She left in 1989. She has said she missed the challenges and income of large-scale work. That sentence, read carefully, contains an entire structural argument about what women-owned firms in architecture were permitted to become, and the gap between the institutional recognition those firms received and the talent that had founded them.

She joined the Jerde Partnership in 1989 as principal of project management. Her most significant project there was the Mall of America in Bloomington, Minnesota, which, at its opening, was the largest shopping and entertainment complex in North America. She retired from practice in 1992. She then spent the rest of her working life doing what the profession had needed her to do from the beginning: teaching at Howard University and Columbia University, mentoring minority and women architects, serving as the role model she had never had. Marshall Purnell, former president of the AIA, has credited her directly. Katherine Diamond, her co-founder at Siegel Sklarek Diamond, has credited her directly. She created, through her example and her deliberate investment in younger architects, a lineage that the profession had no intention of producing on its own.

The Rosa Parks of Architecture Built Terminals and Embassies. We Owe Her the Name.

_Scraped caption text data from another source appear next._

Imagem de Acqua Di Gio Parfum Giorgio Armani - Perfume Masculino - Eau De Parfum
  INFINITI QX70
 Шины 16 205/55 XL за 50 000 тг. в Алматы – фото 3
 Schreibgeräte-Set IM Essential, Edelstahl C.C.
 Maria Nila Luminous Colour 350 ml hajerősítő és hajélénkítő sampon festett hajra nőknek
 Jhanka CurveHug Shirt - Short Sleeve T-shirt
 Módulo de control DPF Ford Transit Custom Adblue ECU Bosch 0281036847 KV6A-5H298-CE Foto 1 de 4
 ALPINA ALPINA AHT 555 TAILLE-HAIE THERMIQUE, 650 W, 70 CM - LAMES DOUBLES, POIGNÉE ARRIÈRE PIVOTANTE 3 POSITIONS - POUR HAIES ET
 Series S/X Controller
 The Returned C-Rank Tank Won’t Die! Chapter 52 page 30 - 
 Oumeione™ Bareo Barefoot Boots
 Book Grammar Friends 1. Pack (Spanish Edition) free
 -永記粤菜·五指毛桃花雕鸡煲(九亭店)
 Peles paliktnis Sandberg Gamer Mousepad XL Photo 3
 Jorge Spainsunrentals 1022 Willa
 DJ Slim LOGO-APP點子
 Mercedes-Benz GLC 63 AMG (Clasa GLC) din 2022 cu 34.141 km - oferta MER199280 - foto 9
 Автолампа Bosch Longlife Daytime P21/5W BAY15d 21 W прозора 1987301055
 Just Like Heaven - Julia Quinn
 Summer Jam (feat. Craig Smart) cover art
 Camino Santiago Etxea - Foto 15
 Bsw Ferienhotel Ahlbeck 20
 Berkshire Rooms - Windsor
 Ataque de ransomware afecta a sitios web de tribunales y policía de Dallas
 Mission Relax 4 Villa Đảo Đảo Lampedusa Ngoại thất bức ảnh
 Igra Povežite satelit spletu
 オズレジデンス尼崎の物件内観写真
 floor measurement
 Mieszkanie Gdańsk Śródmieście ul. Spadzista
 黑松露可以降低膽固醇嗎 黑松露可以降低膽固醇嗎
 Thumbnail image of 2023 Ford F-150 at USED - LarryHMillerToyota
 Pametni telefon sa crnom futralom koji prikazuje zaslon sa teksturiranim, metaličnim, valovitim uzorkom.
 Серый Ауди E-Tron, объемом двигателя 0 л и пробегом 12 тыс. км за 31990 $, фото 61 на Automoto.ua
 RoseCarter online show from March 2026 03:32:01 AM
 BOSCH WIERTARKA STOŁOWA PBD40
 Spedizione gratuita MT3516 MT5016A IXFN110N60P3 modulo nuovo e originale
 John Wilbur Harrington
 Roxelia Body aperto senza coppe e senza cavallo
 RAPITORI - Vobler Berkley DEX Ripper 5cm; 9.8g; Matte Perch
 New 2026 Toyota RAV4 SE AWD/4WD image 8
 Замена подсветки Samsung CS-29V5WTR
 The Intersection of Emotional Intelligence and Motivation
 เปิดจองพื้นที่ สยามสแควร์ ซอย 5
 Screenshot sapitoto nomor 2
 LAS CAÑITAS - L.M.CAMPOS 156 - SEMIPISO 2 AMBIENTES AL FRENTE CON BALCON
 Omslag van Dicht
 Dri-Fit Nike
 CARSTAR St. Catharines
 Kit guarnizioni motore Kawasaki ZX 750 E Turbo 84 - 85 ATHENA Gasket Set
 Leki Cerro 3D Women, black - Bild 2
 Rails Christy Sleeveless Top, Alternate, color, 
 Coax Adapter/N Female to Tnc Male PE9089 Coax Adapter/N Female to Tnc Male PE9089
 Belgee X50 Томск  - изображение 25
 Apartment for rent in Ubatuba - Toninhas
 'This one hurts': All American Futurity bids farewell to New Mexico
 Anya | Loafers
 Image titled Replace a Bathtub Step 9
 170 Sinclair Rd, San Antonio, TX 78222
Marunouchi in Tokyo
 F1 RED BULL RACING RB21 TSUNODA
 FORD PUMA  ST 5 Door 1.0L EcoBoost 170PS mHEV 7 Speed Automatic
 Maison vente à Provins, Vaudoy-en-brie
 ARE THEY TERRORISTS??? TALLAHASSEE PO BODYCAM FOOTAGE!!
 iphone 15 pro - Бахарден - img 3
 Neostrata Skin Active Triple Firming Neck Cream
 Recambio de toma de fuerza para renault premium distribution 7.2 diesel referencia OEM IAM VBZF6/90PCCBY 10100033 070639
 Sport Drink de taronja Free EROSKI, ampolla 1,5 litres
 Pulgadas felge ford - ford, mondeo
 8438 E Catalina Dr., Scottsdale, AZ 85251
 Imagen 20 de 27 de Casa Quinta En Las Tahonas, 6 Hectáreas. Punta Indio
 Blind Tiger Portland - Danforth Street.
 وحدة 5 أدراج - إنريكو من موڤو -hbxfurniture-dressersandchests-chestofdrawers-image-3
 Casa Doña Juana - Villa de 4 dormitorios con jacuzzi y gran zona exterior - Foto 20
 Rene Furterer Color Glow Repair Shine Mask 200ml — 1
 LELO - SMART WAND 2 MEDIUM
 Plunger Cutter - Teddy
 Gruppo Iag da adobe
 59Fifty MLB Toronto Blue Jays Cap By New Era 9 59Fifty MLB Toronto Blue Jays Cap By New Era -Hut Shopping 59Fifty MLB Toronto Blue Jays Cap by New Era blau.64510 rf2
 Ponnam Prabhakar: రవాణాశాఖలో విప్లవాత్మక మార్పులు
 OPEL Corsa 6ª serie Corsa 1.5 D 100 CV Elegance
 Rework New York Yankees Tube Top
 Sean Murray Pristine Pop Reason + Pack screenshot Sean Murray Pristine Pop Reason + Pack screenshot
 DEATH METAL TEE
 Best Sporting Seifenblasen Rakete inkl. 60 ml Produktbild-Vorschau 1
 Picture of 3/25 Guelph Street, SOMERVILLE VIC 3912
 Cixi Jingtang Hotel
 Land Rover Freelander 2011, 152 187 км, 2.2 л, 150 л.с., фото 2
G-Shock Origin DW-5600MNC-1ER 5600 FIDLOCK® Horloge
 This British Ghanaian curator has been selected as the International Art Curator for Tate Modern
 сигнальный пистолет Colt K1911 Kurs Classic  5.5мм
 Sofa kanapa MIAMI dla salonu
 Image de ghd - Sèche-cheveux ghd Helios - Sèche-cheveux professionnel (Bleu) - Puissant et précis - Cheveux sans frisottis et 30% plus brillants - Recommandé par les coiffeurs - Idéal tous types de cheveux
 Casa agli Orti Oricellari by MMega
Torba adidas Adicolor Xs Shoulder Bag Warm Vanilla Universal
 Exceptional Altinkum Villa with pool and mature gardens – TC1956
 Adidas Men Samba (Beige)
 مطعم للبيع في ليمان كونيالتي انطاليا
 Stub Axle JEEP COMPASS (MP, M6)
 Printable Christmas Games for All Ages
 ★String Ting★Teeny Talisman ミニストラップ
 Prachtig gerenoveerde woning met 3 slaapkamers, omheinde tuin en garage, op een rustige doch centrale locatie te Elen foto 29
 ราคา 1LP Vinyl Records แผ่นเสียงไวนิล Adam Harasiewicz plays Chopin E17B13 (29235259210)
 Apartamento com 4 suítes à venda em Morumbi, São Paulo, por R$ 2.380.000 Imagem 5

AIA board member Anthony Costello called her “the Rosa Parks of architecture” when she received the AIA Whitney M. Young Jr. Award in 2008. The comparison is apt in a specific sense: Rosa Parks did not simply sit down on a bus. She was a trained activist, a meticulous strategist, a person who understood the system she was challenging and who chose her moment with precision. Norma Merrick Sklarek did not simply persist in a hostile profession. She mapped it, navigated it, executed inside it at the highest level it offered, and then spent her retirement years ensuring that the people coming behind her had what she had been denied: a visible example, a name they could point to, evidence that the door could be walked through.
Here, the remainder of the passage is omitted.